Under the heading appears the following, referring to the men on trial:


"They are at least entitled to a fair trial and an open-minded public hearing. That is a primary American right. One hundred and ten of their leaders are now before the Federal Court at Chicago charged with conspiring to obstruct the war. But the trial involves essentially the activities of the I.W.W. as a labor organization.


"The I.W.W. are entitled to the best legal defense they can make. They must bring scores of witnesses long distances. The trial will probably last months.


"The Department of Justice, the court and the jury can be relied upon to deal effectually with any criminal acts that may be disclosed. It is for American liberals to make it financially possible for the defense to present fully the industrial evils underlying the I.W.W. revolt against intolerable conditions of labor.


"Such a trial is of necessity enormously expensive. It will cost over $100,000. Of this, about $50,000 has already been raised from the membership alone. But it is impossible to raise the entire fund from the members. The whole sum needed cannot be secured without the liberal financial support of those Americans who believe in the right of a fair trial, even for the I.W.W. The undersigned therefore appeal to all liberals for financial help."


It was learned yesterday that a principal role in the appeal was played by Roger N. Baldwin, director of the Civil Liberties Bureau of 70 Fifth Avenue, an organization which has had considerable correspondence with Secretary of War Baker with reference to the "conscientious objectors" to war. Mr. Baldwin said that last Winter, a group of men, including Mr. West, Mr. Fitch, John Graham Brooks, and Professor Carlton H. Parker, prepared, in connection with the arrest of the I.W.W. workers, a pamphlet entitled "The Truth About the I.W.W." Mr. Baldwin produced a copy and called attention to the statement that "it is not to be inferred that the editors * * * are in agreement with the principles and methods of the I.W.W."

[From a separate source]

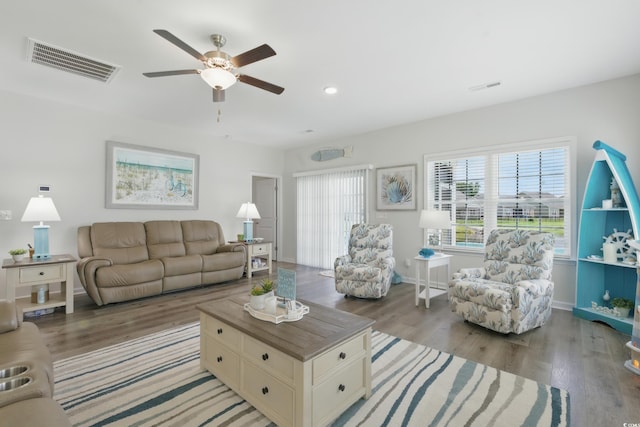 668 Rycola Cir, Surfside Beach, SC 29575 - living area with ceiling fan, light wood-style flooring, and recessed lighting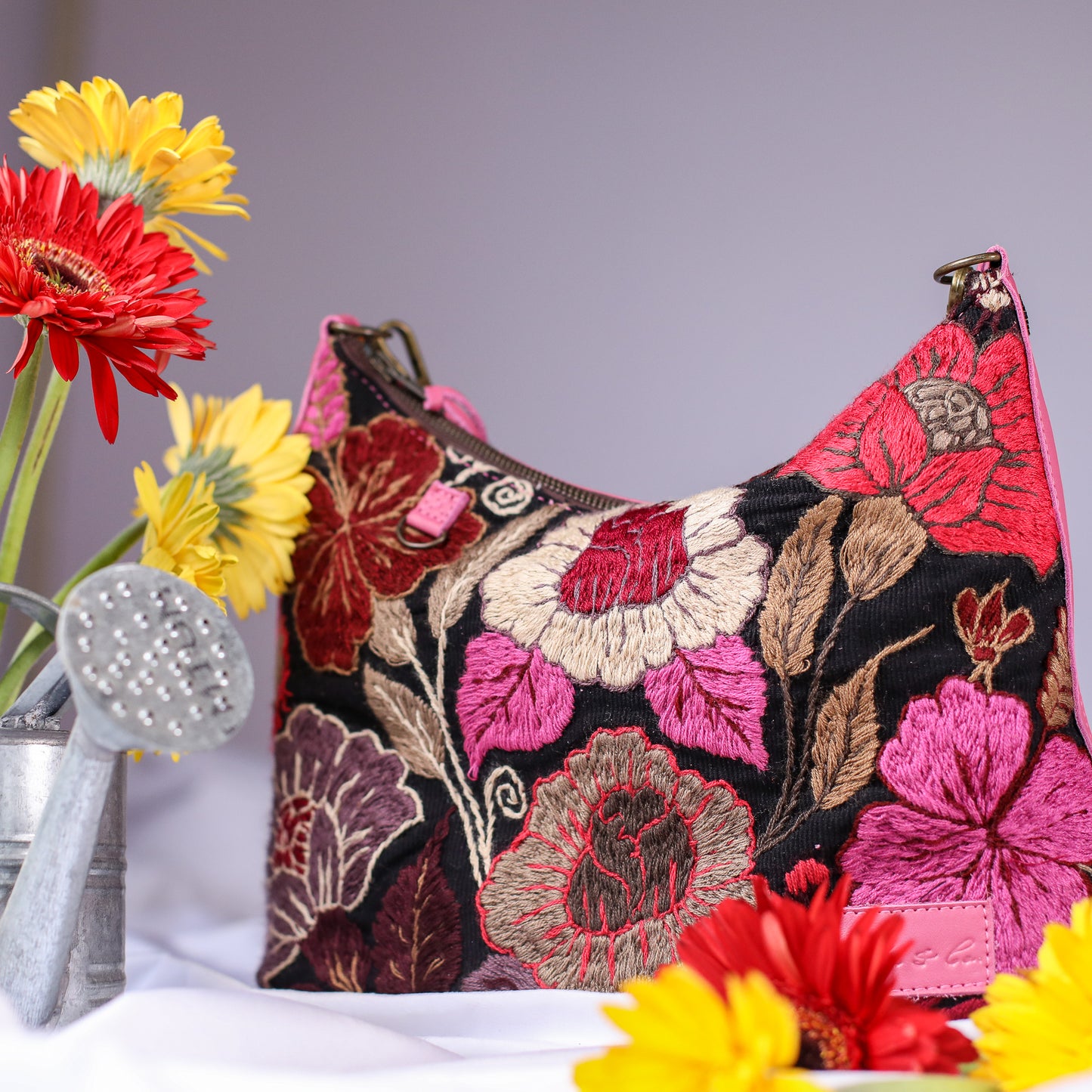 SMALL PENELOPE BAG - H&S EMBROIDERED FLORAL - JAZZY - NO. 200697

Subsequently a meeting was held in this city and a fund was collected to defray the expenses of an advertising campaign in behalf of the indicted prisoners.

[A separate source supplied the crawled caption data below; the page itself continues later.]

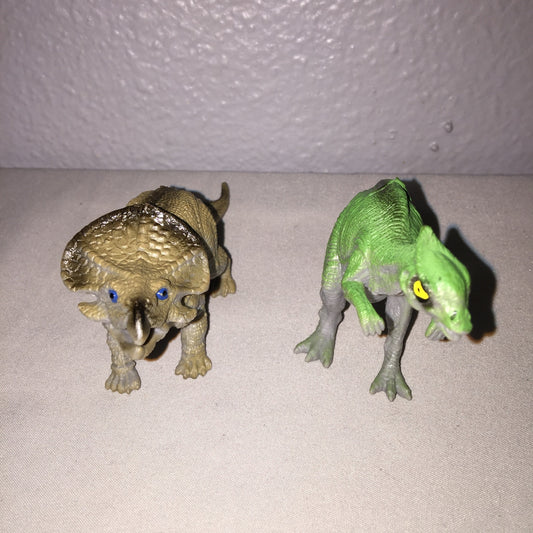Triceratops Trike / Parasaurolophus Parasaur Para Dinosaur Dino Generic Toy Lot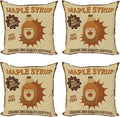 Ambesonne Retro Throw Pillow Cushion Case Pack of 4, Maple Syrup Ad by Ambesonne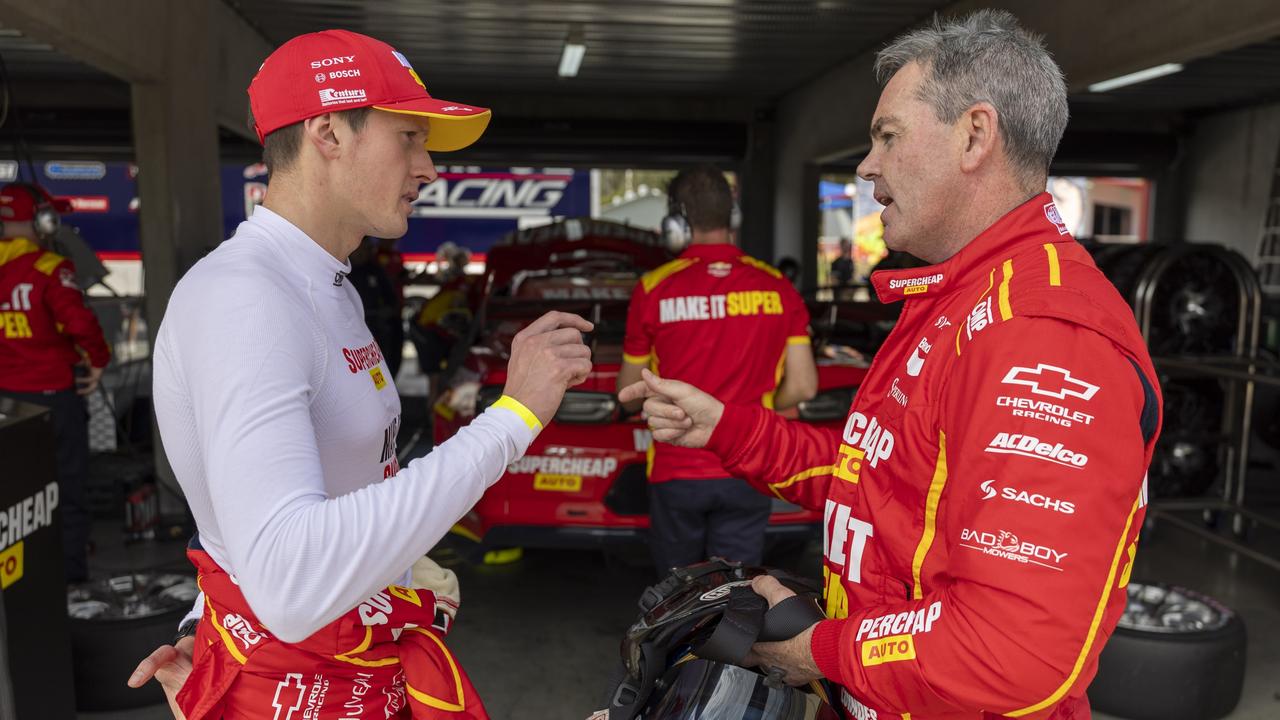 Cooper Murray chats with Craig Lowndes, who he will race with in the Supercars endurance races in a Triple Eight wildcard. Picture: Supplied.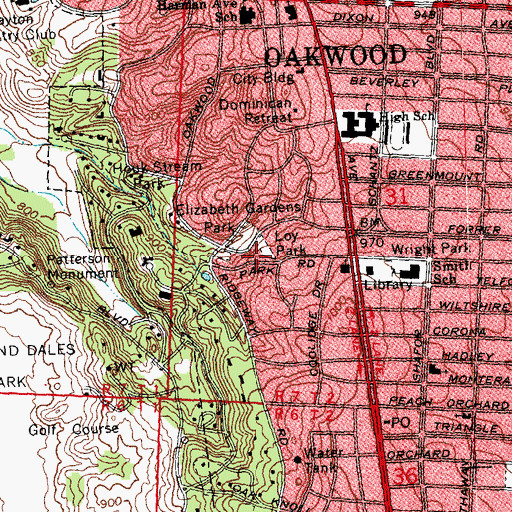 Topographic Map of Loy Park, OH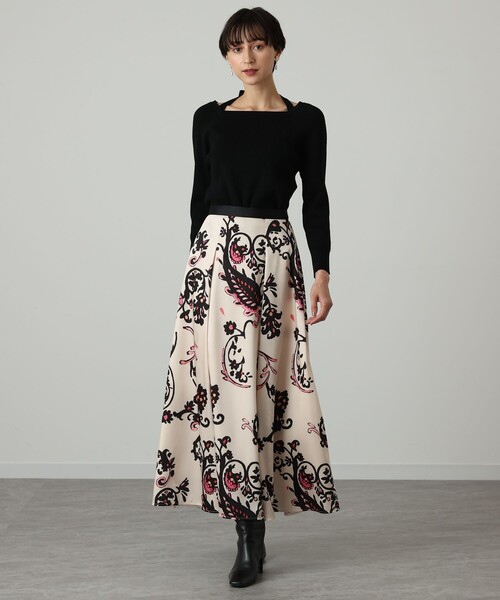 ANAYI（アナイ） スカート アラベスクプリントタック スカート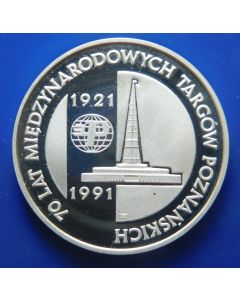 Poland  200000 Zlotych 1991	70th Anniversary - Poznan Fair – Silver / Proof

"Mr. West, Mr. Fitch, and myself then got together and in our private capacities we drew up a letter to about fifteen persons, asking if they cared to allow their names to be used in an appeal to be published for funds for the men on trial," said Mr. Baldwin. "The men whose names appear on the advertisement consented. We expect to carry on the advertising and to extend it to other publications. We believe that, even if these men are members of the I.W.W., they are entitled to a fair trial, and in order to have such a trial they need money with which to summon witnesses great distances."